[Source records]
::::::::::

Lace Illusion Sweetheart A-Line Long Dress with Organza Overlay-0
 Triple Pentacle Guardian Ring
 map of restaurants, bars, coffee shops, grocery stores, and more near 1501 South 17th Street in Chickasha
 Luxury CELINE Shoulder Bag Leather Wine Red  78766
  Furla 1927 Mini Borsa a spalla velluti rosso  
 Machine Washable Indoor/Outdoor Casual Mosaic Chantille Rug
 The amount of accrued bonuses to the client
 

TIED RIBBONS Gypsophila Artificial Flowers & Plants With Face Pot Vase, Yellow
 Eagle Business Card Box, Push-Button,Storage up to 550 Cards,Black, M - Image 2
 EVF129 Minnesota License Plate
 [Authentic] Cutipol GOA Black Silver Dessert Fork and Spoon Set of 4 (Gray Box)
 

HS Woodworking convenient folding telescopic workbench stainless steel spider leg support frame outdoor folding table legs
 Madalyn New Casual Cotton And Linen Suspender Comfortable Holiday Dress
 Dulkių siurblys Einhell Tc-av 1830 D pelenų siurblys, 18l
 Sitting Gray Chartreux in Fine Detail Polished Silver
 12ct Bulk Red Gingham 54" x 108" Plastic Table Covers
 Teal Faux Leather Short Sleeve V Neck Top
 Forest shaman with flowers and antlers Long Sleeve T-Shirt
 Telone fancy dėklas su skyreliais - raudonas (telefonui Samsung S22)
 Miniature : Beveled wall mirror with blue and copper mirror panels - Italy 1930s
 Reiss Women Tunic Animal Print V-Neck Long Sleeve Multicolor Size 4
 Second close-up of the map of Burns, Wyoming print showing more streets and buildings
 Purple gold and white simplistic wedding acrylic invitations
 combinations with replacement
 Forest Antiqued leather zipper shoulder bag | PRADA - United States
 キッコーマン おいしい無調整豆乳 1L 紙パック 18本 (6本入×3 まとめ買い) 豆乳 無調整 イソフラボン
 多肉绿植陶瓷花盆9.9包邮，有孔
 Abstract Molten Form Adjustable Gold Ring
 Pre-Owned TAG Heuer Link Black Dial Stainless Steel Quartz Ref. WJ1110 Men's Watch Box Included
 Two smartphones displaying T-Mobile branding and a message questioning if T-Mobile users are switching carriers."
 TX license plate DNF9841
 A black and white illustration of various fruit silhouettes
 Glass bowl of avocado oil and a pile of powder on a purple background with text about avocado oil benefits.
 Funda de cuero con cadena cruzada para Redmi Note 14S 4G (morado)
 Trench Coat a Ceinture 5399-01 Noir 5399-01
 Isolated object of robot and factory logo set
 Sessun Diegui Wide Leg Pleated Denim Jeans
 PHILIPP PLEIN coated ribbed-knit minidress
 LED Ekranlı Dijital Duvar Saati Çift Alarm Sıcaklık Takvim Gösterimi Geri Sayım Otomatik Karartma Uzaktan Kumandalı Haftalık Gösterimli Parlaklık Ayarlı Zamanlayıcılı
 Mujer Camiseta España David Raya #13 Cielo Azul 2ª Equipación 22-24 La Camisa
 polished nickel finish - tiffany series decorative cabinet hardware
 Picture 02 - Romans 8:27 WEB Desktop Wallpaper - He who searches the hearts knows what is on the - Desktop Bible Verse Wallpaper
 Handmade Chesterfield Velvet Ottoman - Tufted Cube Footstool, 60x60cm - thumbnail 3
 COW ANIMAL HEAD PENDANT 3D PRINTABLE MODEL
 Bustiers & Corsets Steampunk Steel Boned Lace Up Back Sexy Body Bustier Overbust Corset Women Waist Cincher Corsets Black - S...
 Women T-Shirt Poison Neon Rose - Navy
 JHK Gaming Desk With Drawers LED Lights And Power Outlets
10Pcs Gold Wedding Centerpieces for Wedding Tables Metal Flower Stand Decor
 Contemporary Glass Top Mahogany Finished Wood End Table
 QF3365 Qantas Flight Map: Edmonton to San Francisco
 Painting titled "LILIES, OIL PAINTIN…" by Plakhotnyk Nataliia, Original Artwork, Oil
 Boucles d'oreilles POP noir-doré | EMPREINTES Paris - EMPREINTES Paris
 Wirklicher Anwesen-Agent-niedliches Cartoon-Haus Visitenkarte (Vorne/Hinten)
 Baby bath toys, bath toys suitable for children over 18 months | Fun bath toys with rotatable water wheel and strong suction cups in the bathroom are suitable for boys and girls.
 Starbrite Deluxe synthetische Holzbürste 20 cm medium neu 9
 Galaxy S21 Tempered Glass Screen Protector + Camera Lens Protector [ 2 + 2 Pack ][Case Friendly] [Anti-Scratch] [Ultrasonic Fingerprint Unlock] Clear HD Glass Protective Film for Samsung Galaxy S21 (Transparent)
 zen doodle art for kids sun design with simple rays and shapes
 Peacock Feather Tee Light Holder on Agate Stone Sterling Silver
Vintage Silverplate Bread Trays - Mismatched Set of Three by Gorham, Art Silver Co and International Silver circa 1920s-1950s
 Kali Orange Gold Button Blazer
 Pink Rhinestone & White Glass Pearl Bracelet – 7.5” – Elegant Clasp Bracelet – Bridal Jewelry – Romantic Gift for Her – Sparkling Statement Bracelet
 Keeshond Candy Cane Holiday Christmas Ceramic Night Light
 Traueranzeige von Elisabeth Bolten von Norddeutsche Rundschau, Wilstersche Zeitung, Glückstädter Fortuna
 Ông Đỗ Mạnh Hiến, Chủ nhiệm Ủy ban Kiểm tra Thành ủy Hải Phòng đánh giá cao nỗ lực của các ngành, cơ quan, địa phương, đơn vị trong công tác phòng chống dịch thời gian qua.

::::::::::

_WHAT IS NEEDED_
Each line that holds the string "Silver" is to be copied from the entries above.

_SOLVED EXERCISE_
 [Authentic] Cutipol GOA Black Silver Dessert Fork and Spoon Set of 4 (Gray Box)
 Sitting Gray Chartreux in Fine Detail Polished Silver
 Peacock Feather Tee Light Holder on Agate Stone Sterling Silver
Vintage Silverplate Bread Trays - Mismatched Set of Three by Gorham, Art Silver Co and International Silver circa 1920s-1950s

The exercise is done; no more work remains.